Iterating with 'for'

A for loop is a statement used to iterate over the lines of a table, executing the same set of operations once for each iteration. While Envision relies first and foremost on its relational algebra features to implicitly iterate over tables, the for loop is the most commonly used way to express an explicit iteration.

Table of contents

A for loop is written with a header describing the range of iteration and the order in which the range is traversed, and a body describing the operations to be repeated for every line in the range. The body can create output vectors using the return statement, or it can modify variables defined before the loop using the keep statement, or it can do both.

Kept = 0
table T = extend.range(10)
T.Returned = for N in T.N scan T.N
  keep Kept
  Kept = Kept + N
  return Kept

The code example above iterates over the numbers 1 to 10 and computes Kept the total sum of those numbers (55), and T.Returned the cumulative sum of those numbers (1, 3, 6…).

Iteration range with in

The range of iteration is defined by the Variable in T.Variable section of the header. The two names do not need to be the same (A in T.B is allowed), but it is usually recommended that they be kept the same for the sake of readability.

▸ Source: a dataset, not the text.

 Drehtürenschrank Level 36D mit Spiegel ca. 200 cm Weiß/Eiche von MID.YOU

The left variable must be a scalar and the right variable must be a non-scalar vector. The for loop will execute once for every line in the right variable, and the left variable will contain, on every iteration, the corresponding value from the right variable.

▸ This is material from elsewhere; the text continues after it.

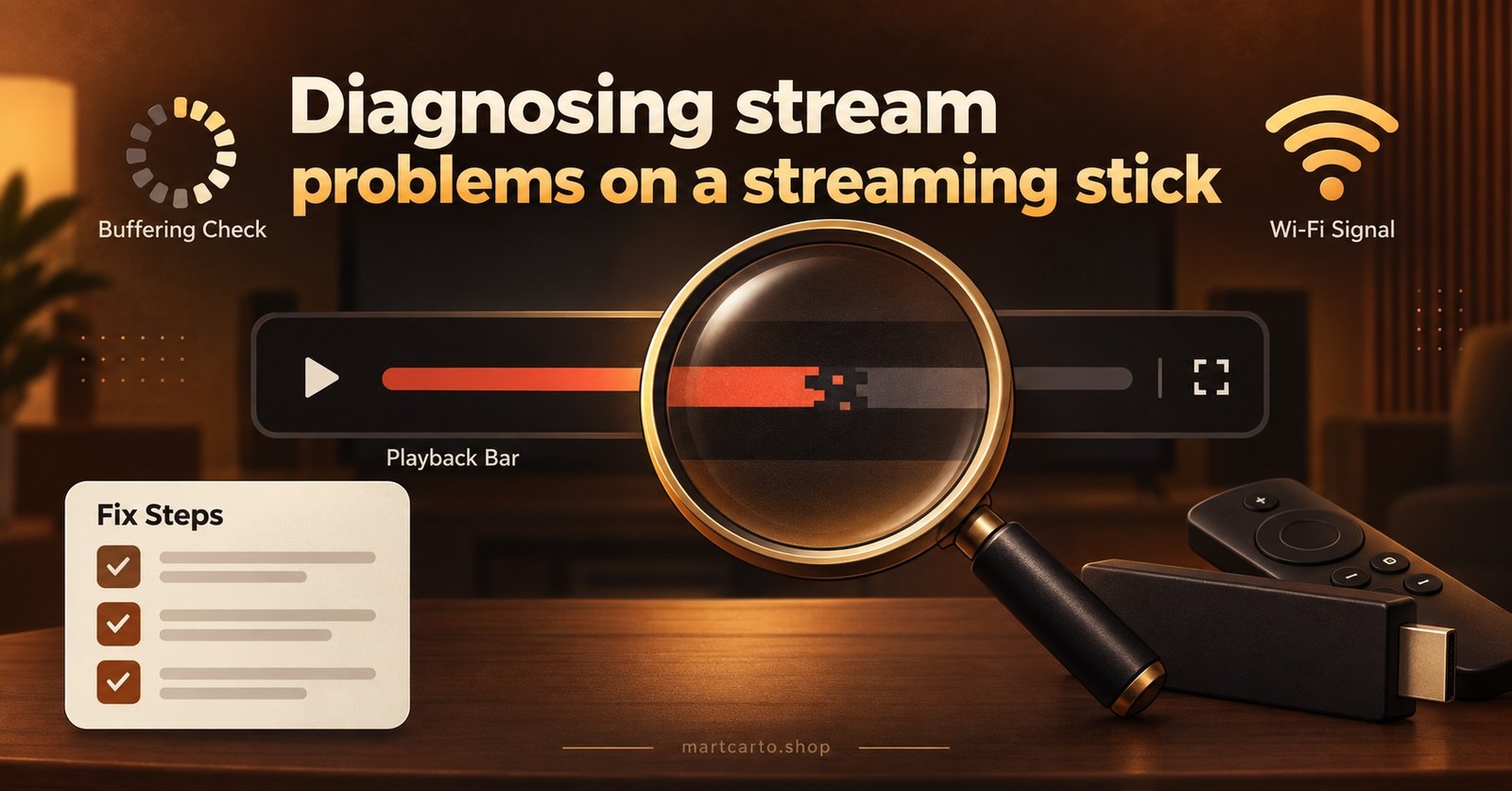 Diagnosing stream problems on a streaming stick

The header may define multiple in pairs, separated by commas. The convention is to split them over several lines and align them vertically:

table Numbers = extend.range(10)
Numbers.NSquared = Numbers.N * 2

// Given for example purposes only. This is equivalent to: 
//   Numbers.Result = Numbers.N + Numbers.NSquared

Numbers.Result = for N        in Numbers.N,
                     NSquared in Numbers.NSquared
  return N + NSquared

If multiple pairs are used, all the iterated vectors should be in the same table, which will be the iteration table. If the iterated vectors are in different tables, Envision will attempt to find a common table, broadcast all the vectors into that table, and use that as the iteration table.

Iteration order with scan

The lines of the iteration table are traversed in an order specified using the scan keyword.

This is mandatory if the loop body uses keep to preserve the value of a variable from an iteration to the next (because in that case, changing the order of iteration will also change the result) ; to the contrary, the use of scan is forbidden if the loop body does not use keep, since the order of iteration is irrelevant when every iteration is independent from the others.

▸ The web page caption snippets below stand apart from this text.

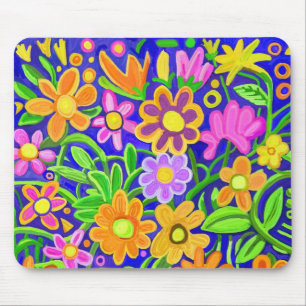 Gemaltes Blumenmuster Mousepad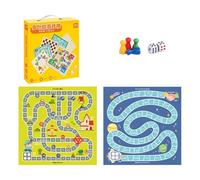 Chess Games 2-in-1 Board Game Set Double-Sided Chessboard Develops Logical Thinking for Family Party Games Durable Wood ABS Storage Box(Color B)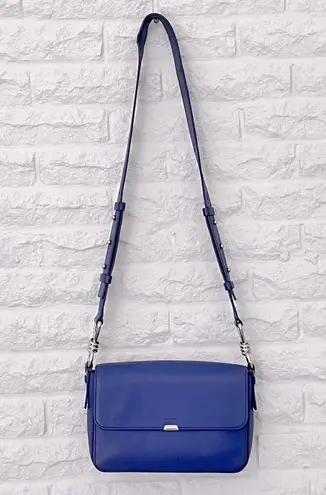 All Saints Blue ‘Captain’ Leather Flap Crossbody Bag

The scan columns must be in (or able to broadcast into) the iteration table.

See the documentation of scan for more information on how it is used to express an ordering.

The loop body

Producing outputs with return

The most common way of producing values in a for loop is to compute a scalar value during each iteration, and to combine those values into a vector in the iteration table, where each line of the vector contains the value that was produced in the corresponding table line.

The code example below defines a table of calendar ranges, and for each range, computes a boolean Ranges.Collision that is true if that range intersects any of the other ranges in the table.

table Ranges = with 
  [| date(2010, 01, 03) as Start, date(2010, 10, 12) as End |]
  [| date(2011, 07, 23)         , date(2012, 03, 01)        |]
  [| date(2010, 09, 27)         , date(2011, 05, 31)        |]

Ranges.Collision = for Start in Ranges.Start, 
                       End   in Ranges.End

  // (true, false, false) on the 1st iteration,
  // (false, true, false) on the 2nd,
  // (false, false, true) on the 3rd  
  Ranges.NotSameRange = (Start != Ranges.Start or End != Ranges.End)

  // (true, false, true)  on the 1st iteration,
  // (false, true, false) on the 2nd iteration, 
  // (true, false, true)  on the 3rd iteration
  Ranges.Intersects = max(Start, Ranges.Start) <= min(End, Ranges.End)

  // true  on the 1st iteration,
  // false on the 2nd iteration,
  // true  on the 3rd iteration
  return any(Ranges.NotSameRange and Ranges.Intersects)

show table "Ranges" with
  Ranges.Start
  Ranges.End 
  Ranges.Collision // (true, false, true)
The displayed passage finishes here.